*Data supplied*
○ ○ ○ ○ ○ ○ ○

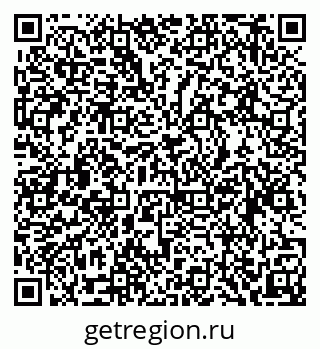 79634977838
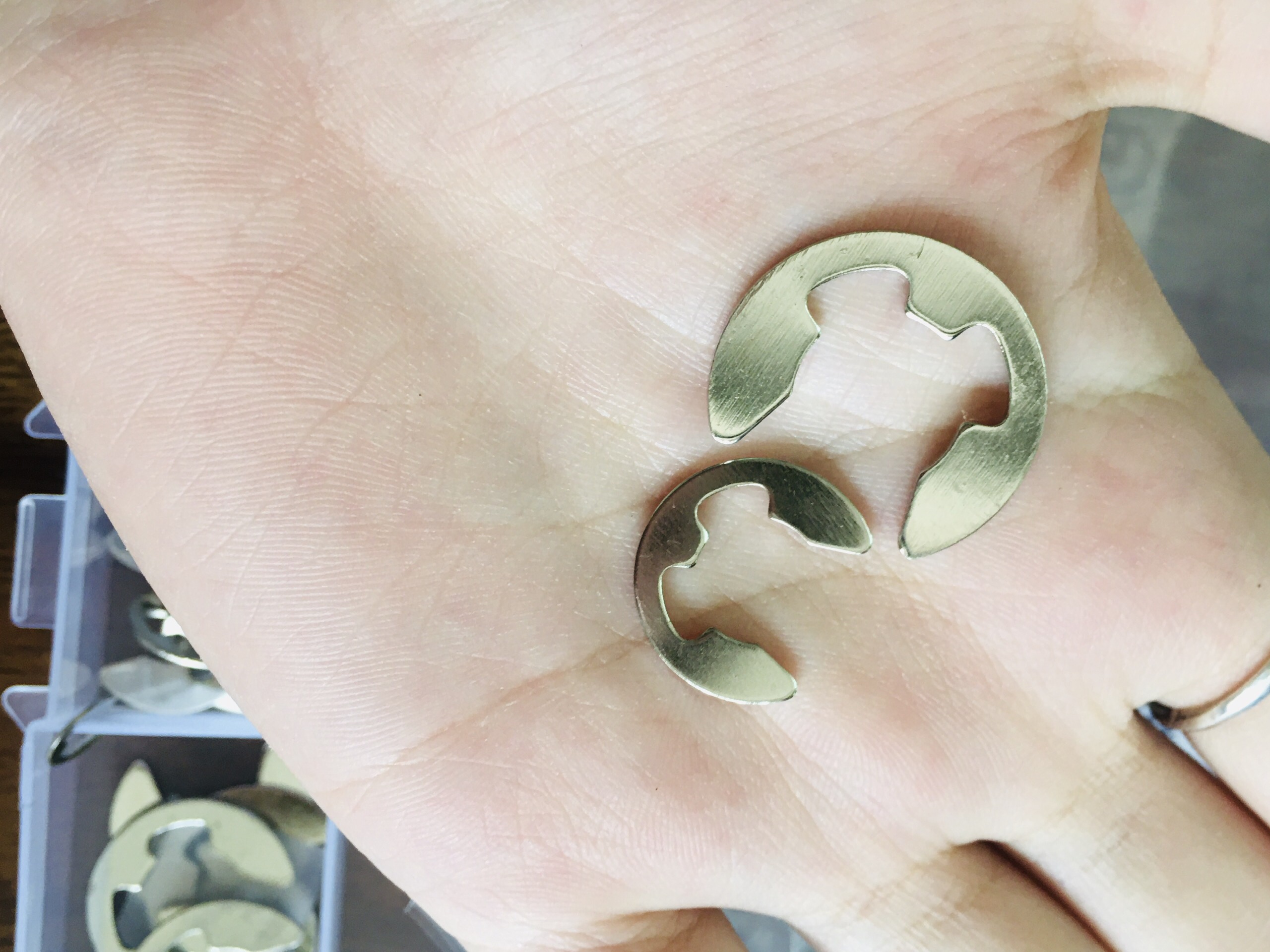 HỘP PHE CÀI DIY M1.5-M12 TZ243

○ ○ ○ ○ ○ ○ ○

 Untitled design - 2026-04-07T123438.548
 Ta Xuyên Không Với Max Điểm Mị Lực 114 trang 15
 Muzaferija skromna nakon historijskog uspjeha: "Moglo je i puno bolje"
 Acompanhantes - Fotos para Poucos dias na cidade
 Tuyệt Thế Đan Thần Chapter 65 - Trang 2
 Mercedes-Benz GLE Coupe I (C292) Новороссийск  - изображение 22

○ ○ ○ ○ ○ ○ ○

*What the task requires*
Your answer should be the lines above from the one containing "Ta Xuyên Không" through the one containing "Mercedes-Benz GLE Coupe", copied exactly and with both ends kept.

*Task answer*
 Ta Xuyên Không Với Max Điểm Mị Lực 114 trang 15
 Muzaferija skromna nakon historijskog uspjeha: "Moglo je i puno bolje"
 Acompanhantes - Fotos para Poucos dias na cidade
 Tuyệt Thế Đan Thần Chapter 65 - Trang 2
 Mercedes-Benz GLE Coupe I (C292) Новороссийск  - изображение 22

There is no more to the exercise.